Out of a 6-member committee, we are selecting 3 members for a subcommittee. Therefore for the 1st selection for this subcommittee we have a total of 6 different members to choose from. Then for the 2nd selection, we have 5 members to choose from, and then the 3rd selection we have 4 members to choose from. We don't distinguish the order that we make these selections since the members are not uniquely identifiable, so we have to make sure to remove any duplicate ways to select these 3 members. There is a couple ways you can conceptualize this:
Option 1: Use Combinations formula with [total # of selections]!/[total # of selection - # we are selecting]! * [# we are selecting]!

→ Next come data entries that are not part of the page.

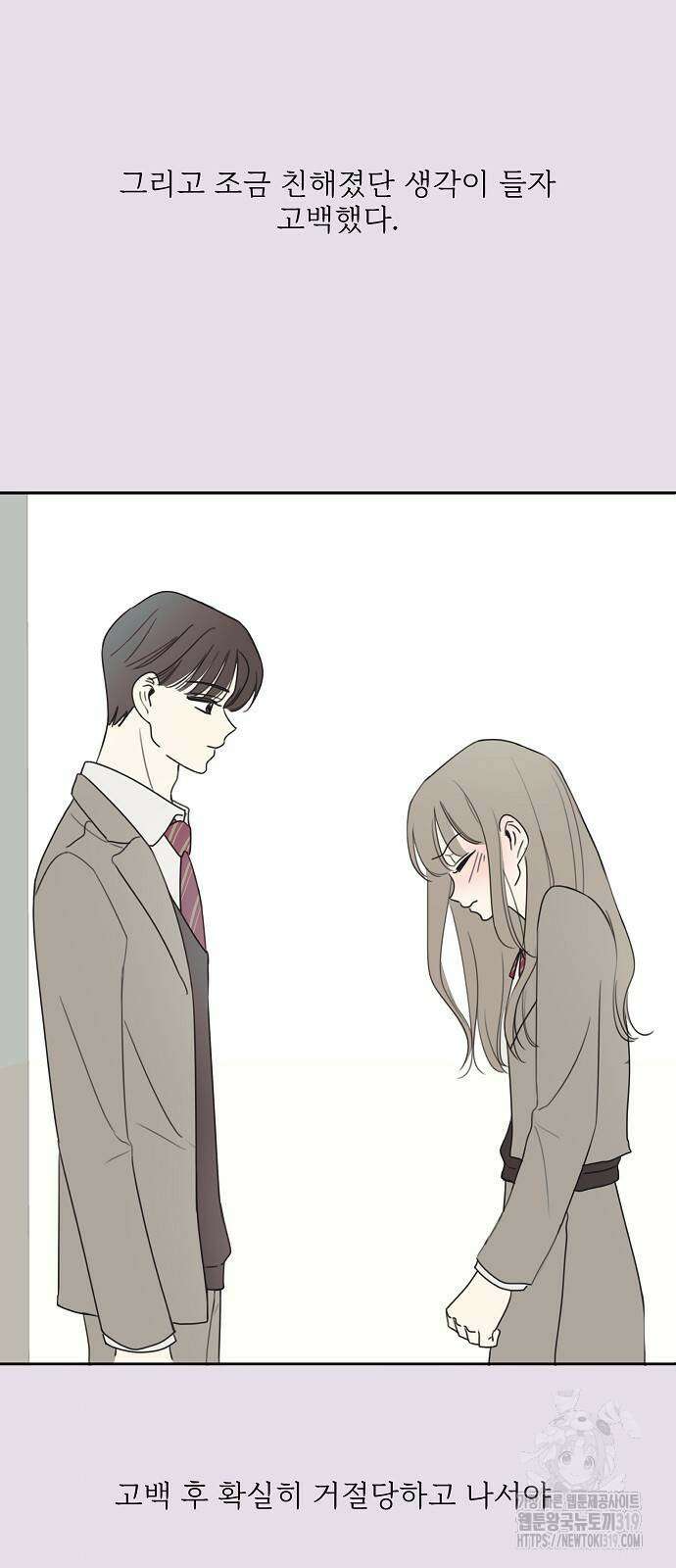 암호는 002! 7화 12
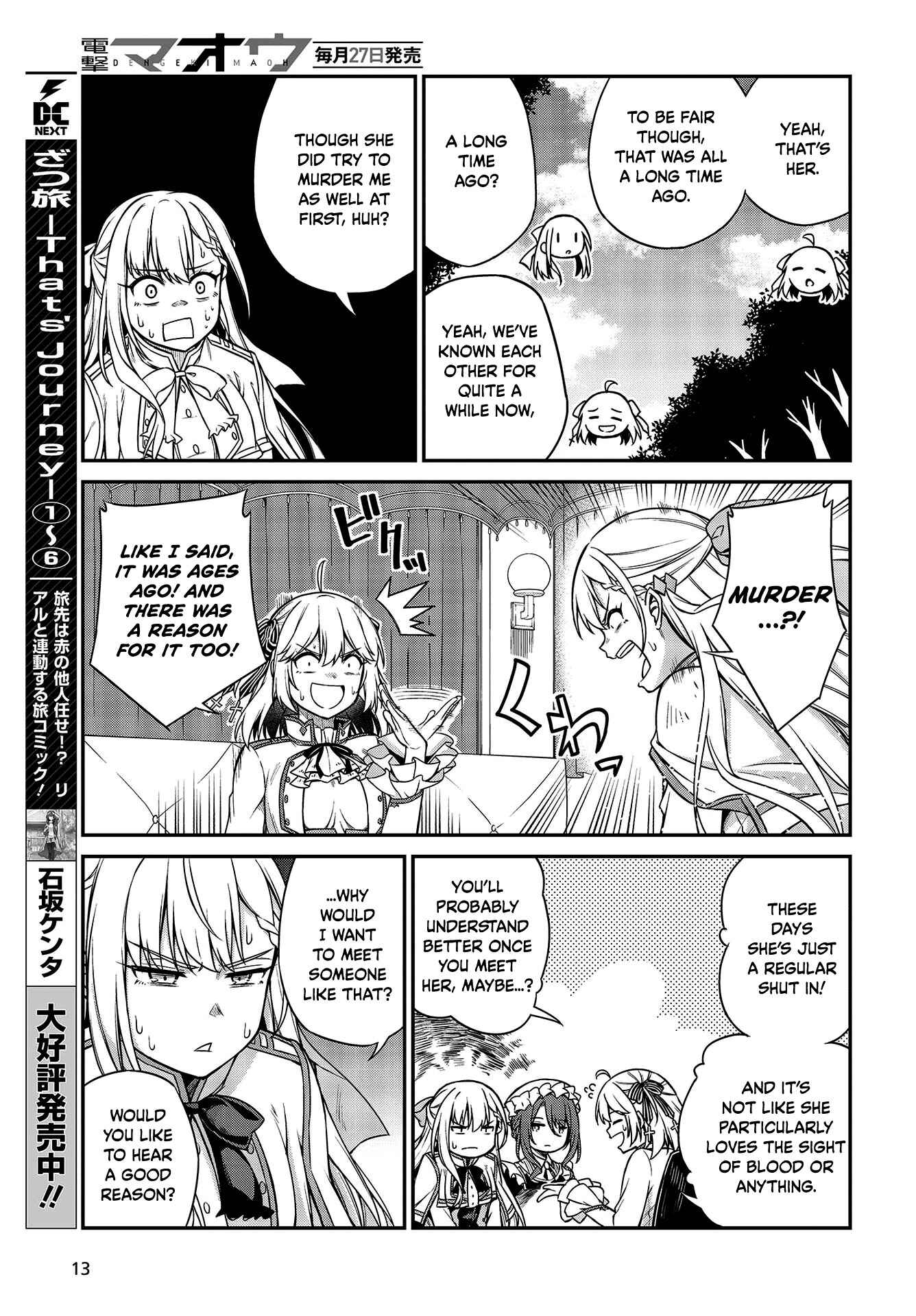 The Magical Revolution of the Reincarnated Princess and the Genius Young Lady Chapter 18 page 9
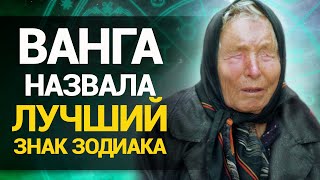 Самый Лучший Знак Зодиака по мнению Ванги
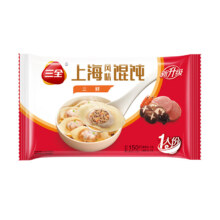 三全 三鲜 飘香小馄饨（早餐任选10件活动）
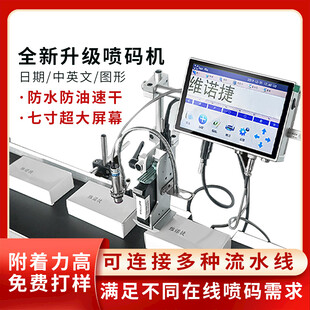 全新升级喷码机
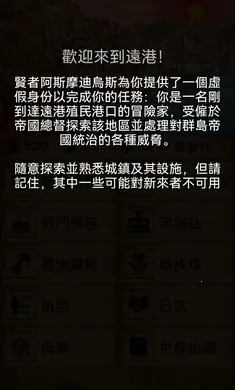 �пᳱϫ(�غ���ð����Ϸ)v1.9.15 �ٷ������ͼ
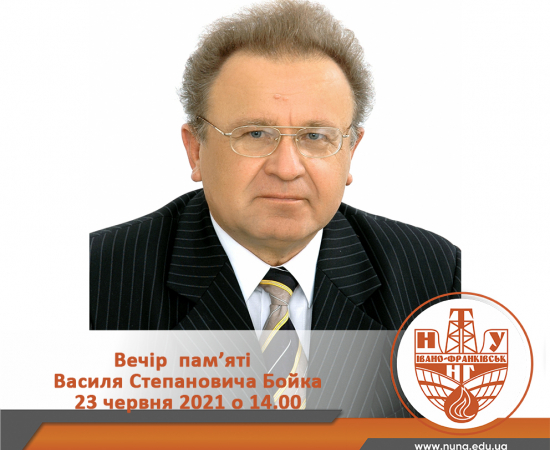 Cвітлій пам’яті В. С. Бойка присвячується…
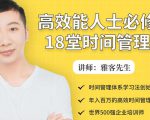 年入百万的高效能人士必修的18堂时间管理课-苏柒资源库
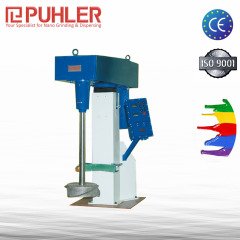 篮式研磨机 砂磨机 油漆涂料色浆篮式砂磨机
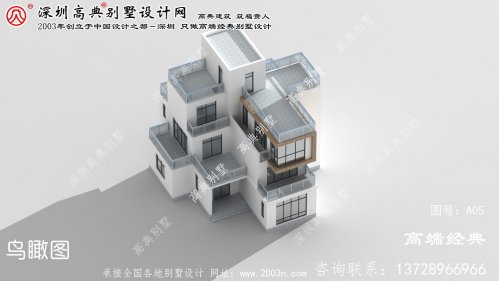 元宝区现代农村别墅设计图	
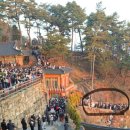 용암사 화장실 이미지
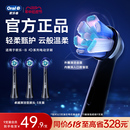 正品 欧乐b电动牙刷iO专用替换清洁软毛圆头刷头成人原装 Oralb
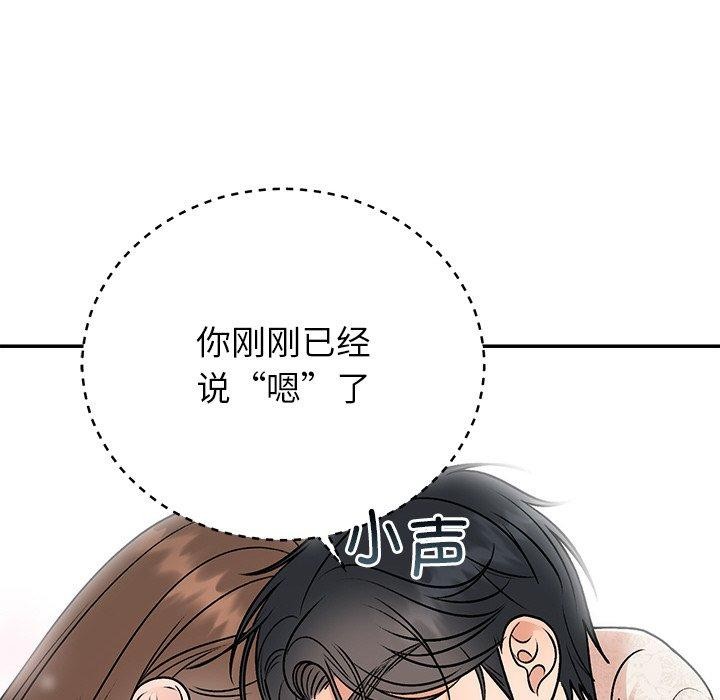[韩国漫画] 婚姻束缚 剧情,熟女人妻#[173P]-117
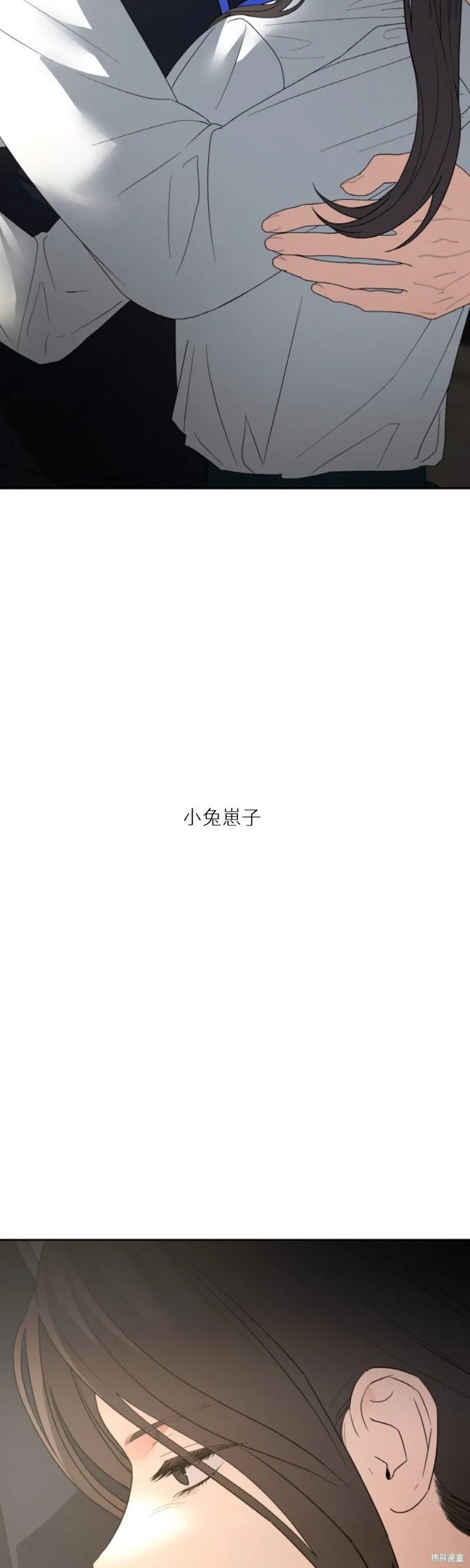 第49话 第13页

\(C\binom 3 6\) = \(\frac{6!}{(6−3)!3!}\)= 20
Option 2: Count out the total number of selections per each member and divide by the factorial of the # of members you are selecting
\(\frac{(6)(5)(4)}{3!}\)
SidJainGMAT wrote:
Bunuel wrote:
goodyear2013 wrote:
if a 3-member subcommittee is to be formed from a certain 6-member committee, how many different such subcommittee are possible?
A) 6
B) 18
C) 20
D) 108
E) 216
Choosing 3 out of 6: \(C^3_6=\frac{6!}{(6-3)!3!}=20\).
Answer: C.
Hi
Bunuel,
Because when a 3 member committee is formed from a 6 member committee automatically
two3 member committee are formed. Also, doing this way we would double count the 3 member committees in such a scenario. So should the answer be \(\frac{6C3*3C3}{2!}=10\).
Could you please help me with this fundamental query.
Thanks in advance!